Return each line below exactly as it reads, and omit any image in it.
===== SUPPLIED DATA =====
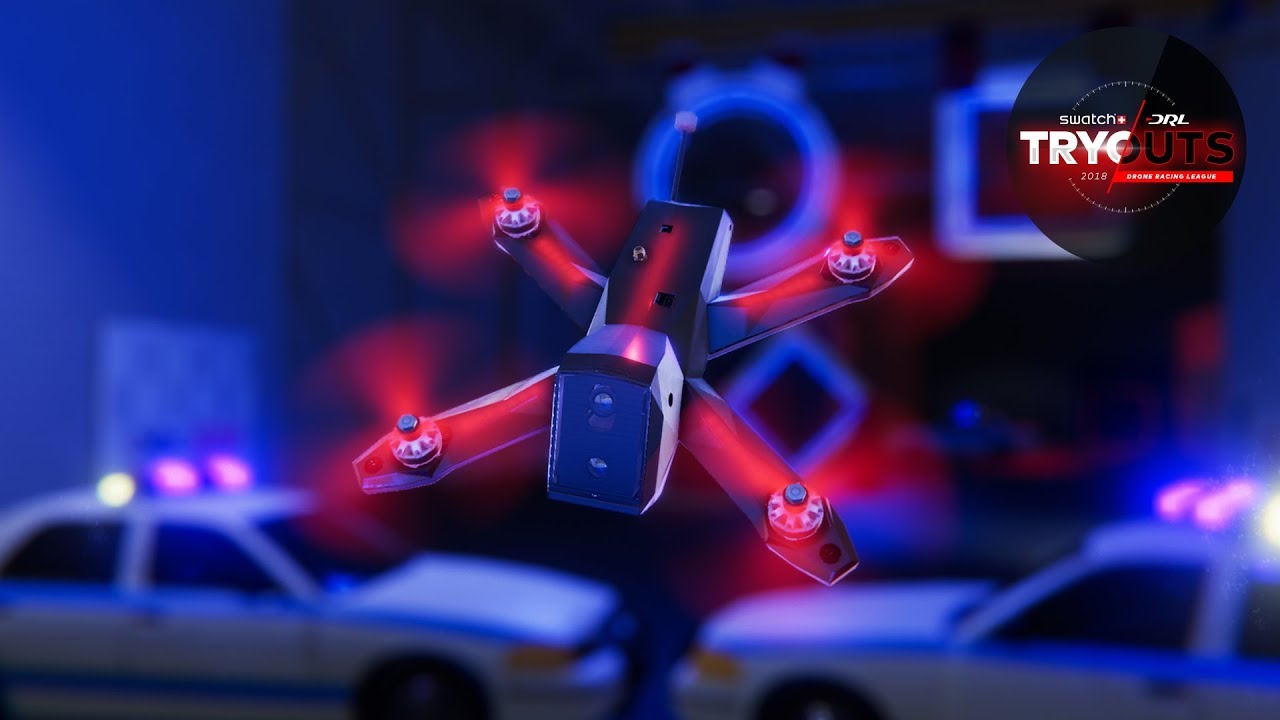 the drone racing league simulator controller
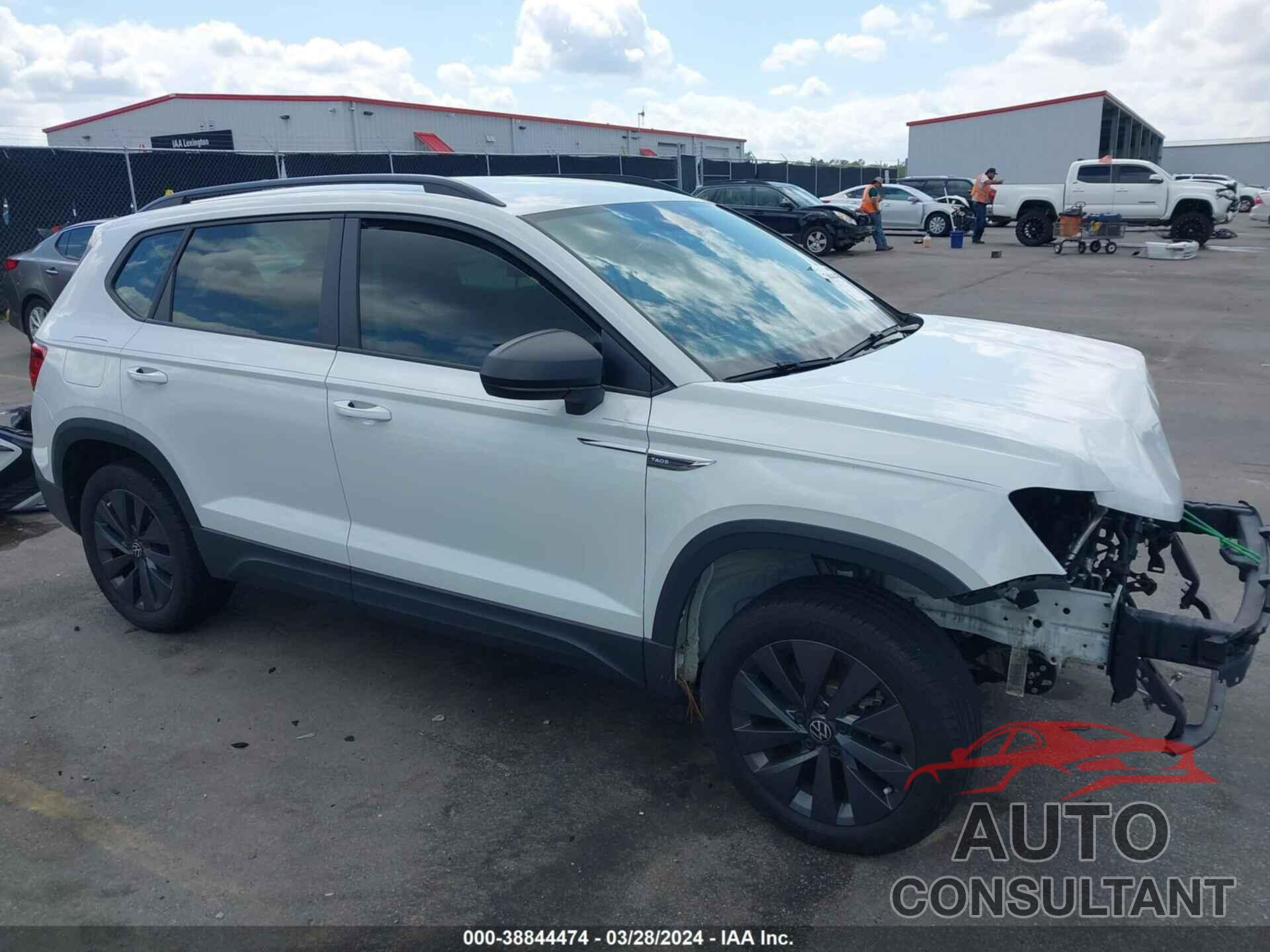 VOLKSWAGEN TAOS 2022 - 3VVCX7B26NM029492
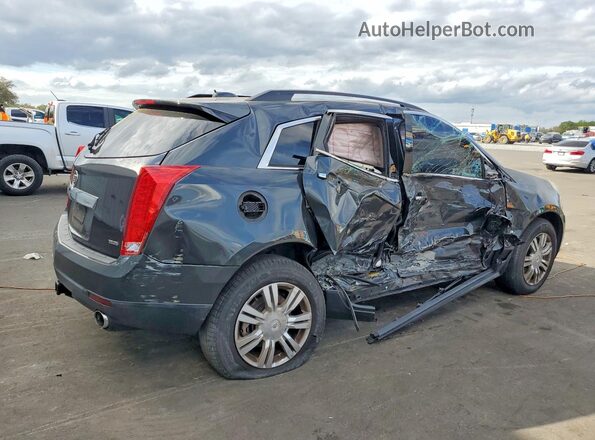 3GYFNAE37GS531570 2016 CADILLAC SRX Серый Задняя правая четверть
=====
§ **SOLVED EXERCISE**
 the drone racing league simulator controller
 VOLKSWAGEN TAOS 2022 - 3VVCX7B26NM029492
 3GYFNAE37GS531570 2016 CADILLAC SRX Серый Задняя правая четверть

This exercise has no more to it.